Lisa. Roman.
Thomas Glavinic, Hanser, Februar 2011
Bin gleich zurück
Als ich die ersten Seiten las, dachte ich: Jetzt dreht der Glavinic völlig ab. Vielleicht hat ihm der Verlag völlig freie Hand gelassen, nahm ich an, und der österreichische Schriftsteller hat irgendein Manuskript aus der Schublade gezogen - literarisches Experiment, das Ergebnis einer rotweinseligen Gehirnstürmrunde, diese Kategorie. Warum sonst sollte man auf die Idee kommen, den Monolog eines vermeintlichen Paranoikers aufzuschreiben - und zu veröffentlichen -, der auf einer abgelegenen bayerischen Alm im modrigen Ferienhaus hockt und per Internetradio zu vermutlich niemandem spricht?
Aber nach diesen ersten Seiten entfaltete der Roman „Lisa“ plötzlich seine unheimliche Kraft, seinen enormen Witz, seine nicht immer leise Weisheit - und zog mich hinein in die Welt von Tom, dem Spieleprogrammierer, der zusammen mit seinem Sohn Alex in die Walachei geflüchtet ist, wo er des Nachts kokst, säuft und in ein Mikrofon mit Wackelkontakt spricht. Tom erzählt sein Leben, redet über Gott und die Welt, selten politisch korrekt, dafür immer umso entlarvender, schonungsloser, wahrer, lustiger. Er berichtet auch von den Ursachen für seine Eremitage. Bei Tom ist eingebrochen worden, und durch einen Zufall wurden auch in seiner Wohnung die Genspuren jenes weiblichen Phantoms gefunden, das er und die Chefermittler Hilpert „Lisa“ nennen - eine nie gesehene Frau, die eine Spur von Tod und Verwüstung, maßlosem Grauen und außerdentlicher Brutalität durch die Welt zieht, schon seit Jahren, die aber auch bei so merkwürdigen Straftaten wie dem Raub einer Zementladung und eben dem Einbruch in Toms Wohnung beteiligt zu sein schien.

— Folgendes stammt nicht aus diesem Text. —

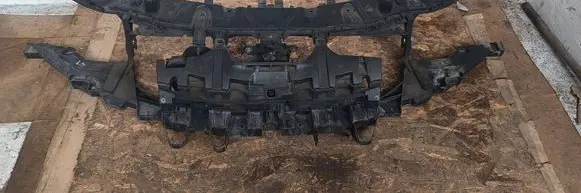 Renault Laguna III Radiator support slam panel 625100001r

„Lisa“ ist ein einerseits Buch über Ehrlichkeit, weil es in den Randanekdoten um die vielen kleinen und großen Lügen geht, mit denen Menschen ihr Leben ausstatten, um simple Erkenntnisse, die sich niemand auszusprechen traut, um Drogen, Freundschaft, das Verhältnis von Mann und Frau, aber auch Hundekot, linksredende Rechtsdenker, Generationenphänomene und so weiter. Andererseits erzählt dieser großartige Roman jene Kriminalstory, die übrigens auf einer wahren Geschichte beruht, die die gesamte Grausamkeit der Welt, der Menschen zusammenfasst, die dem Begriff „human“ seine fade Maske vom Gesicht reißt. Wir sollten voreinander Angst haben, lautet die Botschaft. Nein, wir müssen.
Stringent, in jeder Zeile glaubwürdig, hochamüsant und zutiefst erschreckend. Glavinics bester Roman. Deutscher Buchpreis 2011, würde ich sagen.